By wangus on January 25, 2026 11:59 pm

these ~16 chords took me many days to compose.

no idea what the volume on the track is like.  i hastily normalized by eye and uploaded.

m8 6 tracks sequencing the chords, run through Mood mkii delay -> Lossy -> Analog Heat mkii (Saturation circuit) -> Bluesky -> TP-7 .  live twiddling knobs plus M8 touchscreen.

bounced to M8, trimmed to even number of bars, sequenced, patched up some rough spots (m8 touchscreen was being kinda glitchy).  layered a touch of bass and percussion.  final pass through Analog Heat Enhancement circuit, a bit of live twiddling.

my fav chord is the Amin11 voiced as A-E-B-C-G-D .  i don't think i've done that before.

also fun fact you can play this on piano.  all the chord voicings are two hands' range.


——————
some more thoughts


I was imagining a piano sound for the main synth.  At first I tracked it out in hypersynth, but it’s just not the right tone.  Too rich timbre for the crunchy harmonies.
The new wavesynth wavetable options are like a cheat code, just fiddle around with them till you hear something interesting.  Modulating the scan parameter is really finicky; the wave tables are pretty dense (large amplitude modulations just sound goofy).  There’s one envelope moving scan slightly, two fluffing a filter cutoff (one fast, one slower pulse), one key tracking panning.

I wanted some randomness, so there’s an ERR command (is that what it’s called?), but more interestingly some velocity/RET/RNL nonsense in the table.  I wanted like a random delay to triggering the note, but I don’t think there’s a clean way to do that.   So I futzed till I got this sound, which kind of gets what I want, but also has some weird clicks.  But that’s just extra character.


I need to toy with Mood more.  I was a little disappointed that I couldn’t get the tape half doing something coherent realtime with the chords.  Maybe it just doesn’t work that way, maybe I just don’t know it well enough.  Or maybe the chord progression is so complex on its own that it’s hard for something to independently add variation sensibly.


The chords started from an unrelated (unshared) OP-1f sketch that has the same rhythm in the bassline (just octaves though).  I had shower-thunk the concept of the chords building on that groove into that sketch, but then it evolved into this separate piece.


I haven’t written something “purely compositional” like this (idk off hand how else to describe it; like not built on sound design or beats or grooves or riffs) in a long time.  While the harmonies might be more modern, I’m approaching with a classical western tonal music mindset.  like Bach n shit.

Like the start is functionally like straight out of well-tempered clavier.  Tonic (Dm), “””””two, five”””””, tonic, tonic with flat 7th harmonizing as dominant to the 4 (G).  But the deceptive cadence to the 4, the 2 (E) is also an important center.  And that’s essentially it, wandering through those keys.

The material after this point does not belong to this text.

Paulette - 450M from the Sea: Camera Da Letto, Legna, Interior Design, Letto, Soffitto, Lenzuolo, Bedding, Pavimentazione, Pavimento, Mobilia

The progression is four 4-step cycles.  First, starts on Dm and moves to A11no3, dominant resolution to the second cycle that repeats Dm but starts to suggest Gm.  It ends also with an A chord, but this one is a m13, losing the dominant pull back to D, allowing the plagal motion to E starting the third cycle.  The third cycle is the most straightforward of all, resolving via Dmaj/F#dim to a Gmaj to start the fourth cycle.  Then the fourth cycle, we have a hasty turnaround back toward Dm to restart.  It’s like the first repeat of the first section of classic sonata form; we’ve established that Gmaj is the secondary tonal center of the piece, which would get developed further if this composition continued.  But here we just get the repeat.  The repeat is the same harmony, just dwindling voicing till the end where it’s reduced to just the D tonic.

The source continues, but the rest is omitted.